What to produce — Starting at the line that contains "RED FLORAL PRINTED KNOT TOP", transcribe each line through the end of the material below, exactly and nothing else, leaving out the pictures.

--

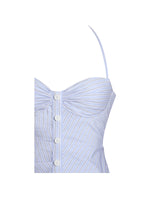 Melody Baby Blue Railroad Stripe Halter Drop Waist Mini Dress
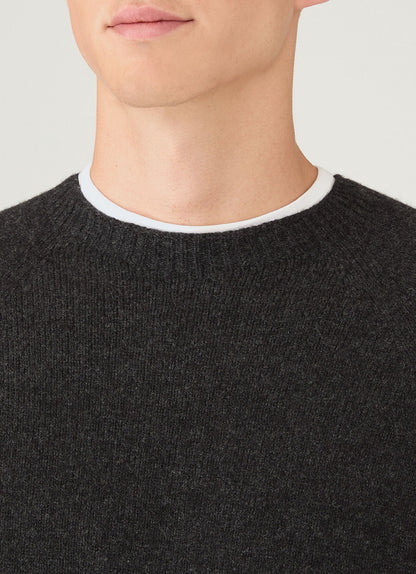 Mens Lambswool Crew Neck Jumper In Charcoal Melange Mjum8066 Gyad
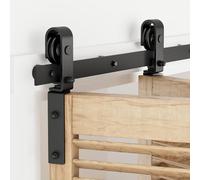 76.3cm/2.5FT Rail Porte Coulissante Pliante Kit Roulette Suspendue Systeme Noir pour 2 Porte Coulissante Interieur 35cm Large
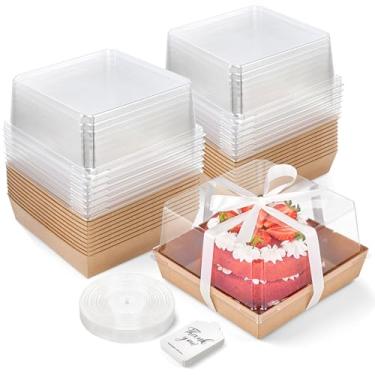 Imagem de ZORRITA Caixas de bolo de papel de 7 x 7 x 4 polegadas com tampas transparentes, 20 embalagens de caixas de padaria descartáveis ​​quadradas para recipientes de alimentos para bolo de 4-6 po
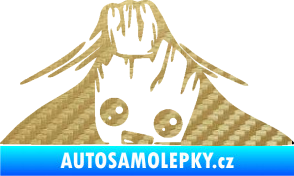 Samolepka Kuk 007 pravá Groot vykukuje 3D karbon zlatý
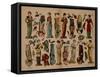 Cutout Paper Dolls, Neuruppiner Bilderbogen, C.1910-null-Framed Stretched Canvas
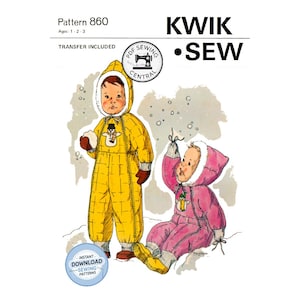 May include: A Kwik Sew pattern 860 for ages 1, 2, and 3 featuring an illustration of two children in hooded snowsuits. One child wears a yellow snowsuit with a snowman graphic, and the other wears a pink snowsuit. Text includes Pattern 860, Transfer Included, and PDF Sewing Central.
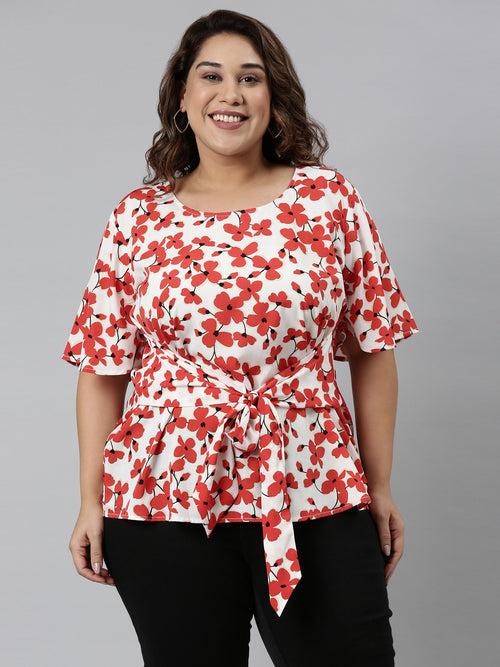 RED FLORAL PRINTED KNOT TOP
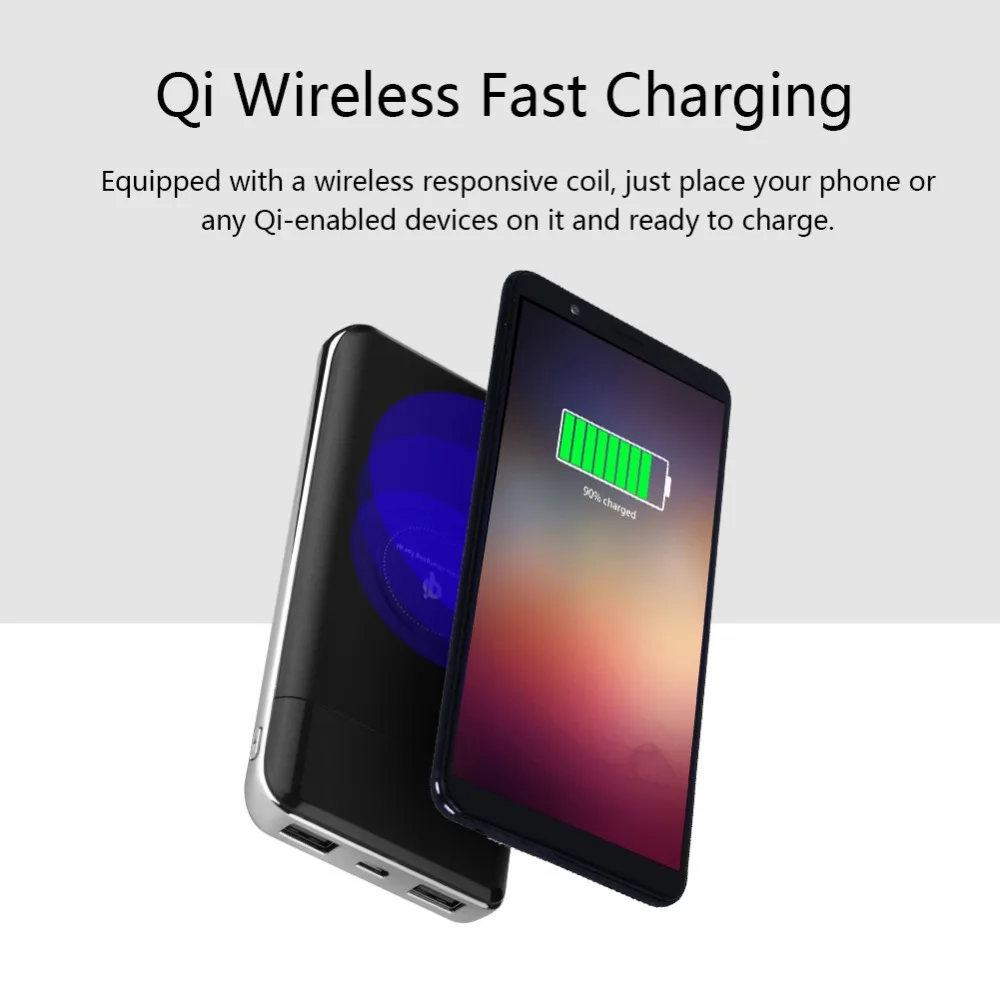 10000mAh Wireless Fast Charger LED Display Mobile Power Bank Case with Dual USB Port & Type-C Port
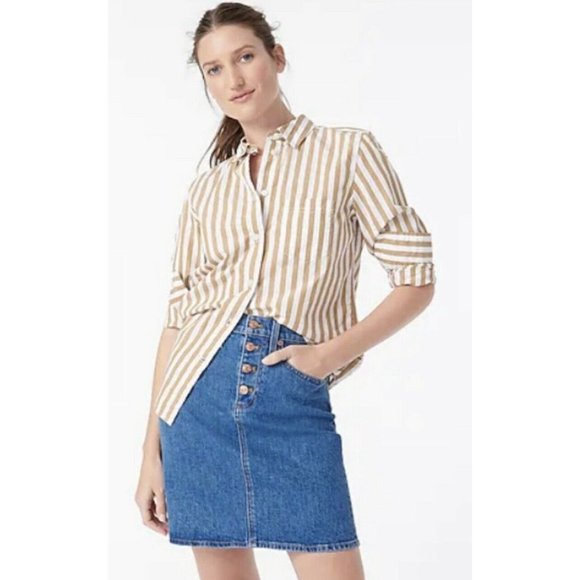 J Crew Button Front Denim Skirt Blue High Waist 25 AW324 Spring‎ 21 - Picture 2 of 11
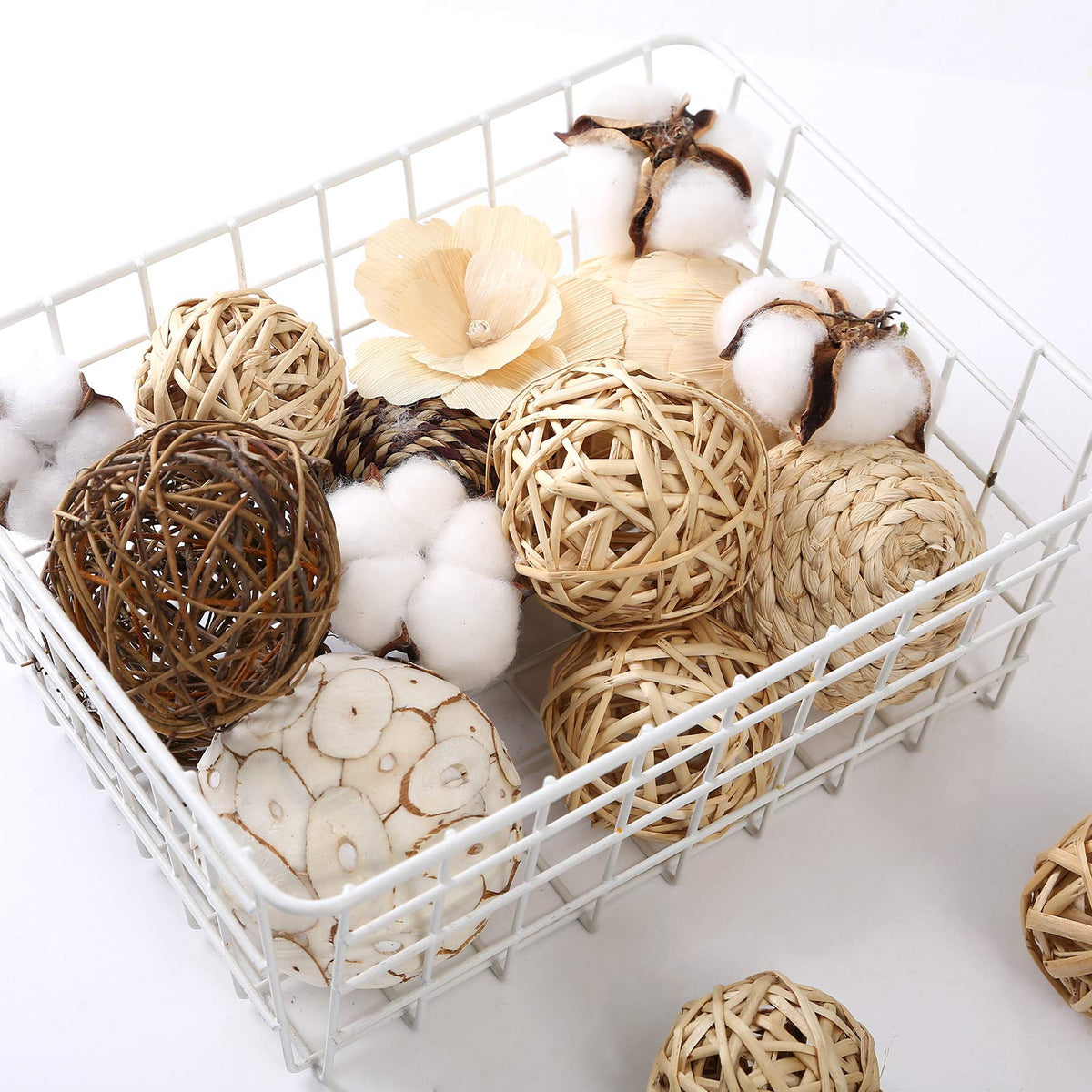 CIR OASES rattan wicker spheres beige and brown elevate vase displays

--

Exercise output —
 RED FLORAL PRINTED KNOT TOP
 10000mAh Wireless Fast Charger LED Display Mobile Power Bank Case with Dual USB Port & Type-C Port
 J Crew Button Front Denim Skirt Blue High Waist 25 AW324 Spring‎ 21 - Picture 2 of 11
 CIR OASES rattan wicker spheres beige and brown elevate vase displays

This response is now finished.